The city is currently migrating 23,000 employees across 60 departments and agencies to Microsoft Exchange Online, SF CIO Jon Walton said in a news conference Wednesdy. Exchange Online is a cloud-based enterprise messaging platform that offers email, calendaring and collaboration features.

San Francisco will pay $1.2 million a year--or $6.50 per month, per user--for hosted email and archiving on the service, which will be hosted in Microsoft's data centers, Walton said. He said the cost savings of the deal is one of the ways the IT department is achieving a 20% cost reduction required by the city, which is experiencing budget cuts.

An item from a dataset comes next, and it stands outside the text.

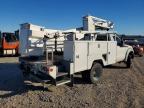 2012 Ford F450 Super Duty Bucket Truck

The various CIOs in city government considered several cloud-based email and collaboration services when they decided to make the move to the cloud, including ones from Google and IBM, Walton said. However, Microsoft's Hosted Exchange Online and its Business Productivity Online Suite--which offers cloud-based collaboration, worker productivity, and other solutions--fit more into the city's strategic long-term direction, he said.

"It was a unanimous [decision] of all of the CIOs in the city that this is the one we wanted to adopt," Walton said.

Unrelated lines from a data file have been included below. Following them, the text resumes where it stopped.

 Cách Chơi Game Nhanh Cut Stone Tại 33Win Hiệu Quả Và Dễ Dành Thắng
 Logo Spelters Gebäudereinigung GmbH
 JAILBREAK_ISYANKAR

Currently, San Francisco has about 15,000 email inboxes leveraging Lotus Notes on two different systems, he said. The remainder of the 23,000 users in the migration are spread across five different on-premises Exchange systems.

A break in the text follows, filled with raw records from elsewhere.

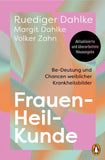 Frauen - Heil - Kunde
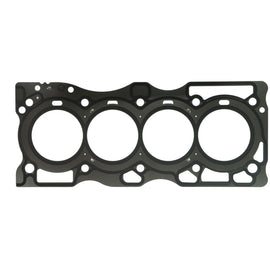 Fel-Pro Nissan Altima 26519 PT PermaTorque Engine Cylinder Head Gasket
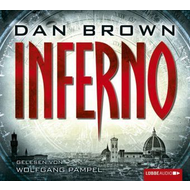 Inferno-hoerbuch-dan-brown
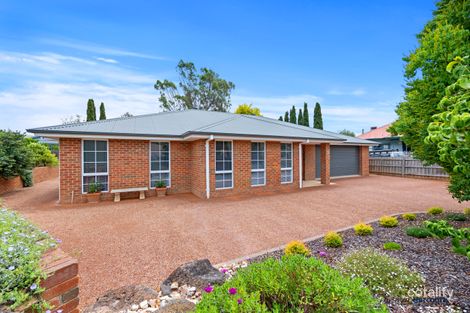 3 Briggs Ct, Alexandra, VIC 3714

While the initial contract is for Microsoft Exchange Online, Walton said the city is considering moving other on-premise applications to other aspects of BPOS in the future. Migration to the new cloud email system has already begun and will continue over the next year, he added, after which the city will consider its future cloud options.

State and local governments around the country are following the federal government's lead and leveraging the cloud for a variety of solutions to increase IT efficiencies and save money. Email seems to be the first application of choice for many government agencies to move to the cloud.

At the federal level, the General Services Administration and the Department of Agriculture are among agencies that have consolidated or are consolidating disparate email systems on a single one that is cloud-based, services U.S. CIO Vivek Kundra recently lauded as cost savings successes for the federal "cloud first" mandate. The initiative demands that federal agencies consider the cloud first when implementing new IT projects and also asked agencies to identify three existing systems they could move to the cloud.